_Problem description_
Using the listing that follows, filter out every line lacking the string "Women" and return the rest.

_Available data_
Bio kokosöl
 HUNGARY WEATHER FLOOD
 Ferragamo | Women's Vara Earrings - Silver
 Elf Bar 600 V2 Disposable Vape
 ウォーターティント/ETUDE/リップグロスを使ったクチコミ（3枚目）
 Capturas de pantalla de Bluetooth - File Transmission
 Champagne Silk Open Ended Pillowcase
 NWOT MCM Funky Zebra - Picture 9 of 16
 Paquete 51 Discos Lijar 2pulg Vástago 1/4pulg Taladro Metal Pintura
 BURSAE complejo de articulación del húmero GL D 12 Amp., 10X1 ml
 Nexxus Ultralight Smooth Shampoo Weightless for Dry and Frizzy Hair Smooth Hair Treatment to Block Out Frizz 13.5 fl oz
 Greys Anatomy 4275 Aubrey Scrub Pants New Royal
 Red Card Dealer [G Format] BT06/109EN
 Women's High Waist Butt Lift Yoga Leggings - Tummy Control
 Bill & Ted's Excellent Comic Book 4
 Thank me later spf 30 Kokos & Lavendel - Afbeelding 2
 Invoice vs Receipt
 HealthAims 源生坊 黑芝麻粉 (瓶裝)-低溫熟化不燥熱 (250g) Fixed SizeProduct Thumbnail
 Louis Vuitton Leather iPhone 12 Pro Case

_Exercise response_
 Ferragamo | Women's Vara Earrings - Silver
 Women's High Waist Butt Lift Yoga Leggings - Tummy Control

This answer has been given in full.